Missouri’s Largest Private Landowner Saw the Forest Through the Trees
by Carmen Schwartz
Leo Drey is an interesting character when it comes to the list of largest private landowners in the United States. Most agree that he is a pillar of strength; which seems poignant, considering he is all about saving and rejuvenating the strong, solid timberlands of Missouri.
There is a story told that Leo Drey’s answering machine speaks: “I’m out planting a forest. Please leave your name and number, and I’ll try to get back to you before it matures.” In other words? The Great Outdoors and his mission to constantly work for the forest will always be the first thought on his mind.
It was 1917 when Leo A. Drey came into the world in St. Louis; and over time he became Missouri’s prominent timber magnate, conservationist, and philanthropist. Coming from the background of manufacturing (his father was a very wealthy manufacturer of glassware), Mr. Drey began what was to become his main goal in life in 1951. This is when his focus landed on the acquisition of timberland in the Missouri Ozarks, which he would use for reforestation and conservation projects.
Holdings rose to approximately 160,000 acres, making him the largest private landholder in the state – with more acres than Missouri’s entire park system. Pioneer Forest, which was the initial project for his reforestation and conservation goals, is a commercial forest managed in the public interest. Operated with harvesting techniques referred to as single-tree selection, U.S. Pioneer Forest is one of the most lush, vibrant areas in the country.
At the core of the Missouri Ozarks, the diversity of oak, hickory and pine make for magnificent scenery. And by utilizing the single-tree selection harvesting technique, this land has maintained its vibrancy – a sustainable forest that provides for everyone.
Over the years, Pioneer Forest has restored more than 153,000 acres of Ozark woodlands across six Missouri counties, and Leo Drey can be thanked for that. It was he and he alone who made forest owners and managers stop and think. He challenged them to look at the future when it came to the best way to manage and protect forests so both public and industry could benefit from the health and wealth of the land. He had the knowledge that all of these forested areas could be extremely productive if only they were managed well, using the far more conservative harvesting technique. Mr. Drey wished to prove that by doing things his way, the structure of the forest would remain the same – or be even more beneficial than it already was.
With the long-range objective for Pioneer Forest still in place – to develop and manage native tree species of large diameter, while also providing recreational and ecosystem benefits – Leo Drey has literally shown that his idea was more than bountiful.
The L-A-D Foundation was begun so that Mr. Drey could offer even more help when it came to maintaining and protecting various other natural areas in Missouri.
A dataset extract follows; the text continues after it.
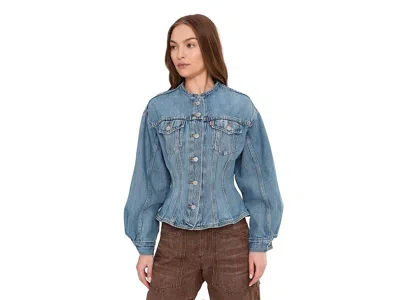 Levi's(r) Premium Sculpted Trucker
Offering a chance for all citizens to enjoy the beautiful areas, he leased many acres to the state park system for only one dollar per year.
Ensuring that the forests will continually be managed through environmentally sound and sustainable practices is Leo Drey’s ultimate success. His ideals should be duplicated across the country, seeing as that he illustrated the very real fact that the future doesn’t need to leave the past behind in order to be successful.
Drey, himself, always commented about the people and the area he seems to love, offering sheer respect for the citizens of the Ozarks. He admired the fact that they had consistently managed to make a living from those hills through hard work.
Before Leo Drey came along, people had used the area in more wrong ways than could be counted, bringing detriment to the land. But with his hard work, people finally began to realize the actual value of all that stood around them.
His love of the land is easily seen. When people think about Leo Drey, they may remember the hugely-publicized purchase of Greer Spring in Oregon County. (Greer is the second largest spring in Missouri.) There was a great deal of talk when it came to commercial development in that area. Drey looked at the competition who would, if they won the land, mess it up in more ways than one, and came in with an offer, got the property and then immediately gave it to the U.S. Forest Service. Talk about a bargain.
The list of what this man has done and the land he’s protected is vast. Being born in the city that plays home to the Gateway Arch, a monument that stands for the westward expansion of the United States, seems fitting for Leo Drey. After all, his incredible work is all about expanding the minds of others. He saw the wealth of the forest through the commercial-building trees, and has fought for many years to keep the most valuable resource we have intact and thriving.